I did not take the social worker’s advice and call the police nor did I send Dan off to a lock-up facility where he would be put in a straight jacket.  I repeatedly took him to the hospital emergency room where he was given medication to temporarily calm him.  He was then sent home because the hospital had no secure area in which to place Dan to prevent his wandering away.

After repeated trips to the hospital, the social worker and Dan’s doctor were encouraging me to look for a place to put Dan.  The social workers’ mantra was “Caregivers just don’t know when to let go.”

In the Fall of 1997, a trip to the hospital led to a positive solution.  The young doctor on duty suggested that Dan be admitted to the regional hospital’s mental health center where a psychiatrist and Dan’s neurologist could evaluate him.  The doctor believed that medications could control Dan’s aggression and make it possible for him to continue living at home.

The regional hospital was one hundred miles away.  We drove there one sunny morning, and Dan was admitted to the mental health center.  Both of us were interviewed by the psychiatrist and several of the Center’s staff.

“What caused the anger?” I was asked, and felt defensive—as if I had caused the anger.

Dan’s anger was usually a surprise to me and was not triggered by abuse or aggression on my part.  However, what slowly dawned on me as I detailed our interaction was that I did play a role by the way I responded.  Neither the psychiatrist or the center’s staff ever told me I had erred in returning anger for aggressive behavior, but I was led through a process of looking at the dynamics of the interaction between Dan and me.

Dan spent more than a week at the mental health center.  The first two days my guilt forced me to drive the two hundred miles round trip to see him.  The third day I stayed home.  The time at home alone was a gift.  I slept and slept.  I visited Dan again on day four.  He tried to convince me to take him home, but my guilt was far less than the relief gained by the respite from twenty-four-hours-a-day care.  The emotional support I was receiving from the Center’s staff strengthened my resolve.

Dan was put on two drugs that seemed to work:  Respiradahl for aggression and Paxil for anxiety.  On the eighth day, Dan was able to come home.

Our time apart had given me time to think.  I told myself I must separate the anger caused by the disease from Dan the person.  We often tell our children, I don’t like your behavior, but I still love you.

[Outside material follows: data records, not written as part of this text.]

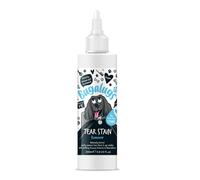 Bugalugs Tear Stain Remover - Size: 200ml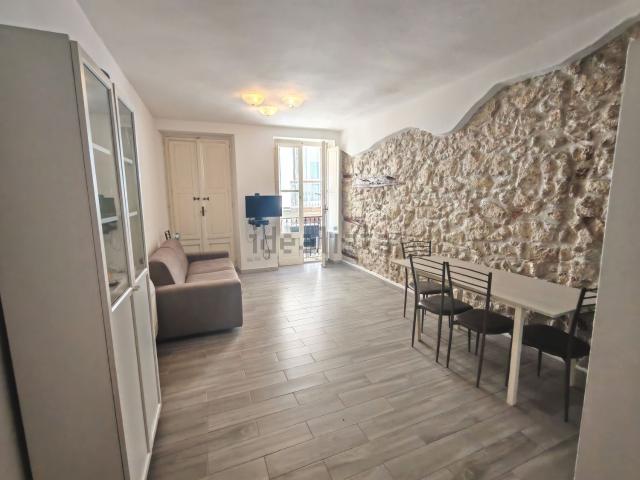 Appartamento in vendita di 60 m² in Via Cavour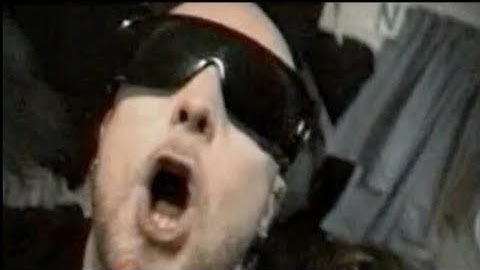 my favourite Meshuggah misheard lyrics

I realized that I was giving Dan his emotional cues and that all of my emotions were being reflected back to me tenfold by Dan.

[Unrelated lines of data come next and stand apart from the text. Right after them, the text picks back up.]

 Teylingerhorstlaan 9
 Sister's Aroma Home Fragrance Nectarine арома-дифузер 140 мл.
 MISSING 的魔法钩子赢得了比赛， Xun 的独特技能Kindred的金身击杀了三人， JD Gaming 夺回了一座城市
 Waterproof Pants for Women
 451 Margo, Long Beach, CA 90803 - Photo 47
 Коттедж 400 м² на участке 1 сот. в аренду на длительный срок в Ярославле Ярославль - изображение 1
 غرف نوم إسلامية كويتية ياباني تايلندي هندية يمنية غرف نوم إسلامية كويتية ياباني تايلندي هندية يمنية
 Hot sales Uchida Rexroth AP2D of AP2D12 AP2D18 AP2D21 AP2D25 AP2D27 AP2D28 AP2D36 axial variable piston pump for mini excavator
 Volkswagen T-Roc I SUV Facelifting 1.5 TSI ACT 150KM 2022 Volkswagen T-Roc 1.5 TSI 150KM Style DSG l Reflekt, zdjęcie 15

Over time my anger was replaced by understanding. I didn’t deny my own feelings of anger, but I tried to stay relaxed and calm, be patient, redirect Dan’s attention, and find a way to gain Dan’s cooperation.  If he grabbed my wrists when I was helping him dress,  saying matter-of-factly, “Don’t hold my wrists, that hurts, please let go so I can help you button your shirt,” usually convinced him to let go.  Tone of voice was all important. A silly or humorous comment or action from me often eased tension.  He loved silliness and jokes.

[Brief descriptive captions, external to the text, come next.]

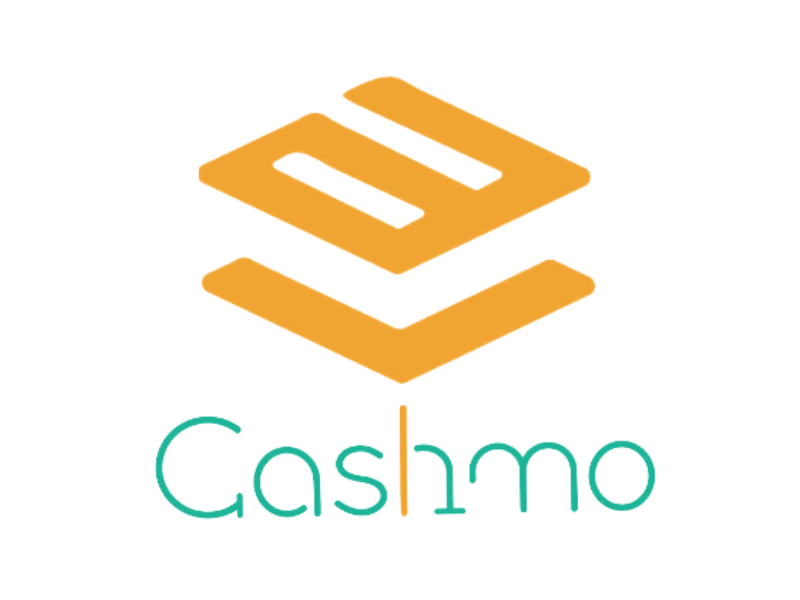 株式会社キャシュモ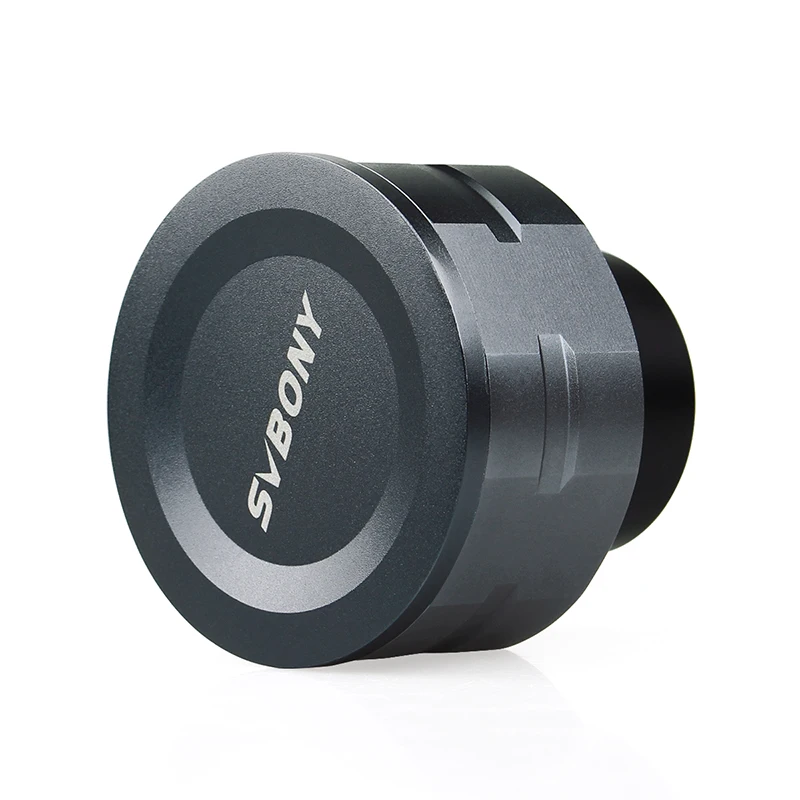 Cámara planetaria SV105, combi - Skyzone Sky04X Pro Oled Fpv Goggles reseña y precio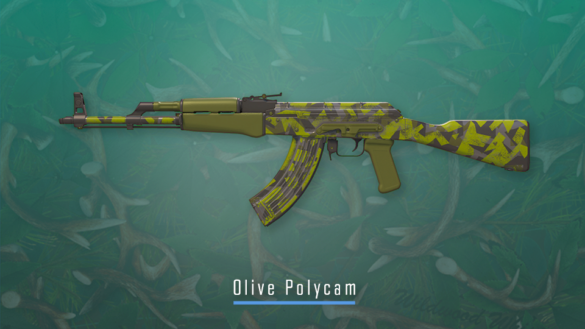 obraz_2024-10-03_120909258 obraz 2024 10 03 120909258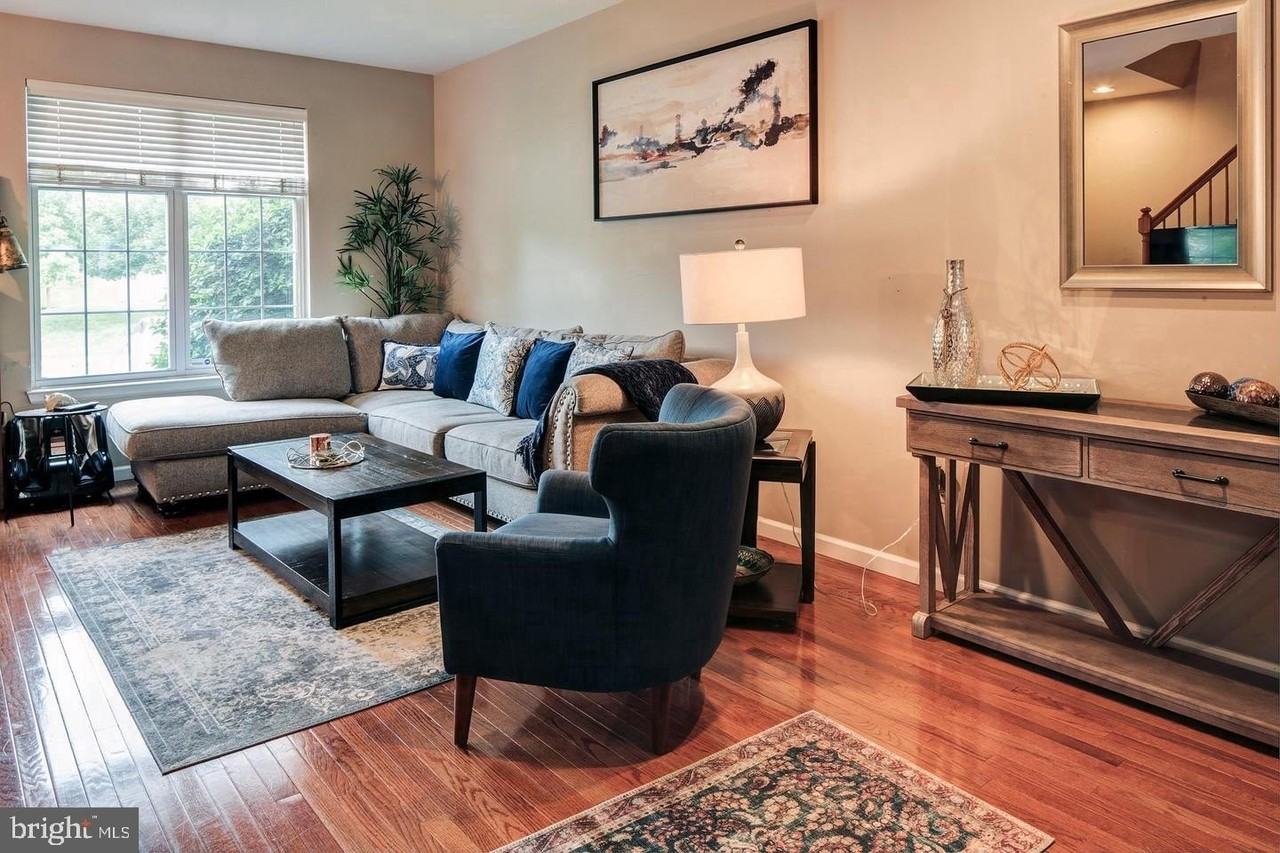 6351 Wind Rider Way - Photo 6 of 23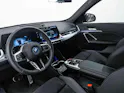BMW X1 xDrive 25e M Sport 245PS Automat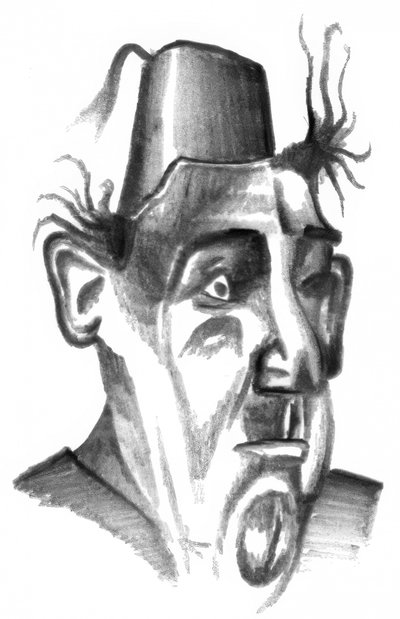  de Kulik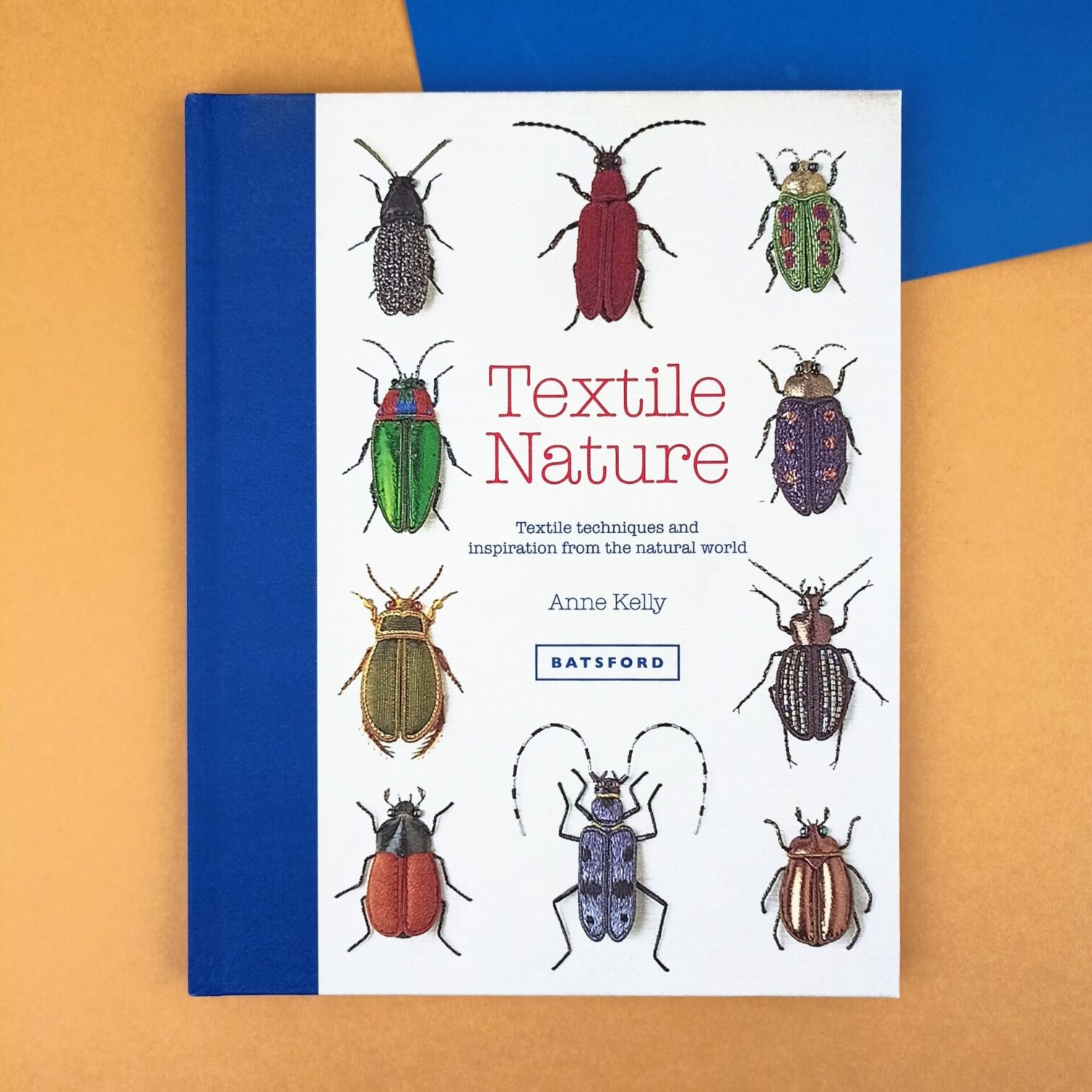 Textile nature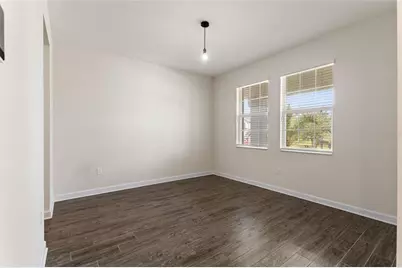 1455 Olympic Club Boulevard, Champions Gate, FL 33896 - Photo 5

Life would never be what it once was, but thanks to the medication and my own increased understanding, our lives were stable.

Note: Dan developed a twist in his back, although he did not seem to be in pain.  He seemly could not stand up straight.  After months of physical therapy we happened to have a routine follow up appointment with the psychiatrist. He noted Dan’s decisive tilt and lowered the dose of Respiradahl which solved the problem.